AJI mendesak kepolisian bertindak cepat dalam kasus ini agar pelaku tidak menghilangkan barang bukti.
Menurut AJI Jakarta intimidasi dan kekerasan terhadap jurnalis yang sedang liputan melanggar Undang-Undang Pers Nomor 40 Tahun 1999. Jurnalis bekerja dilindungi undang-undang dan mereka bekerja untuk kepentingan publik.
Dalam enam bulan terakhir, AJI Jakarta mencatat setidaknya 9 jurnalis di Jakarta menjadi korban kekerasan dan tak satupun pelaku kekerasan yang diadili. Kekerasan berulang ini terjadi karena polisi tidak serius mengusut pelaku kekerasan.
“Kekerasan terhadap jurnalis adalah ancaman terhadap kebebasan pers,” kata Nurhasim.
“Kekerasan adalah teror kepada jurnalis, siapapun pelakunya,” Nurhasim menambahkan.
Kasus kekerasan terbaru terjadi pada Rabu dinihari sekitar pukul 00.30 di Jalan Kemang Raya Jembatan Krukut.
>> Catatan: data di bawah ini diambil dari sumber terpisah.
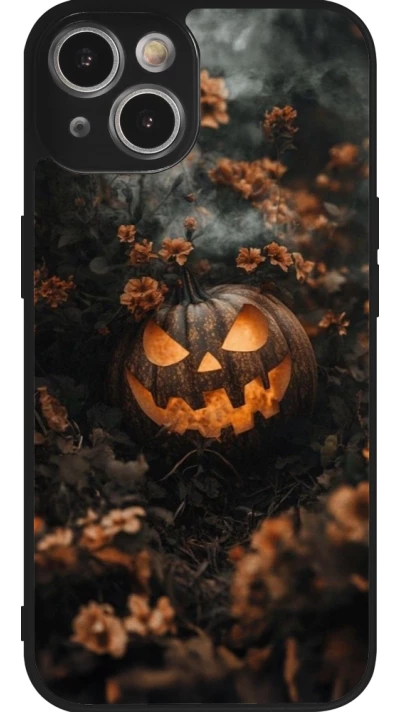 iPhone 14 Case Hülle - Silikon schwarz Halloween 2025 Pumpkin with flowers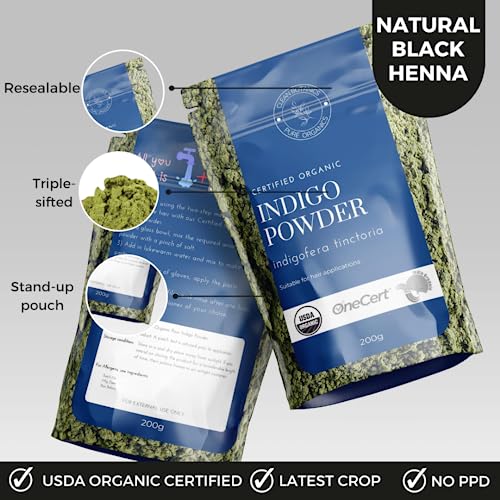 Clean Botanics 200g Organic Certified Indigo Powder 100% Pure Mendhi Hair Colour Triple Sifted Black Hair Dye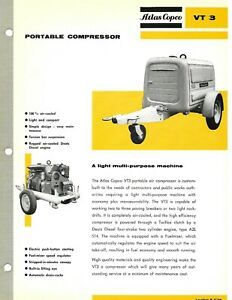 Equipment Brochure - Atlas Copco - VT3 Portable Air Compressor - c1960&#039;s (E6635)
Haritz Ardiansyah yang malam itu memakai seragam NET tengah meliput peristiwa banjir.
Dia mengambil gambar jalanan, lalu lintas, kendaraan yang terkena banjir dan yang mogok.
Saat sedang mengambil gambar mobil Mini Cooper (nomor polisi B 909 JCW) yang tengah mogok, tiba-tiba seorang yang sedang di dekat mobil tersebut menghampiri Haritz dan memukul wajahnya bagian kiri.
Dia juga meludahi Haritz. Pelaku mengatakan tidak suka diambil gambarnya.
Haritz mencoba berdamai dan akan menghapus gambar bagian mereka. Saat sedang menghapus, tiba-tiba pelaku merampas kamera dan terjadi tarik-tarikan yang berakibat patahnya viewfinder kamera.
Pelaku kemudian juga memukul mobil peliputan NET hingga penyok. Selain mobil Mini Cooper, juga ada Pajero yang masuk rombongan tersebut (nomor polisi B 909 JAA).
Teman-teman pelaku kemudian melerai. Haritz dan sopir NET kemudian melapor ke Polres Metro Jakarta Selatan. Ketika polisi dan pengemudi NET kembali ke lokasi, mobil tersebut sudah tidak ada.
Menurut Koordinator Divisi Advokasi AJI Jakarta Erick Tanjung jurnalis memajukan demokrasi dengan menyajikan informasi yang akurat kepada masyarakat. Bila dihalang-halangi, apalagi dipukuli, jurnalis tidak bisa bekerja dengan aman untuk mengambil gambar.
Karena itu pelaku kekerasan melecehkan profesi jurnalis yang dilindungi oleh Undang-Undang Pers. Pasal 8 menyatakan jurnalis mendapat perlindungan hukum selama kegiatan jurnalistik: mencari bahan berita, memperoleh, memiliki, menyimpan, mengolah, hingga menyampaikan informasi yang didapat kepada publik. Pers juga berfungsi sebagai media informasi, pendidikan, dan kontrol sosial.
Selain bisa dijerat dengan pasal pidana KUHP, menurut Erick, pelaku kekerasan terhadap jurnalis dapat dijerat Pasal 18 UU Pers karena mereka secara melawan hukum dengan sengaja melakukan tindakan yang berakibat menghambat atau menghalang-halangi kemerdekaan pers dan kerja-kerja jurnalistik. Ancamannya hukuman dua tahun penjara atau denda Rp500 juta.
“Kami minta masyarakat tidak menjadikan jurnalis sebagai sasaran kekerasan,“ kata Erick.
“Bila ada masalah selesaikan secara beradab, bukan main pukul sendiri,” Erick menambahkan.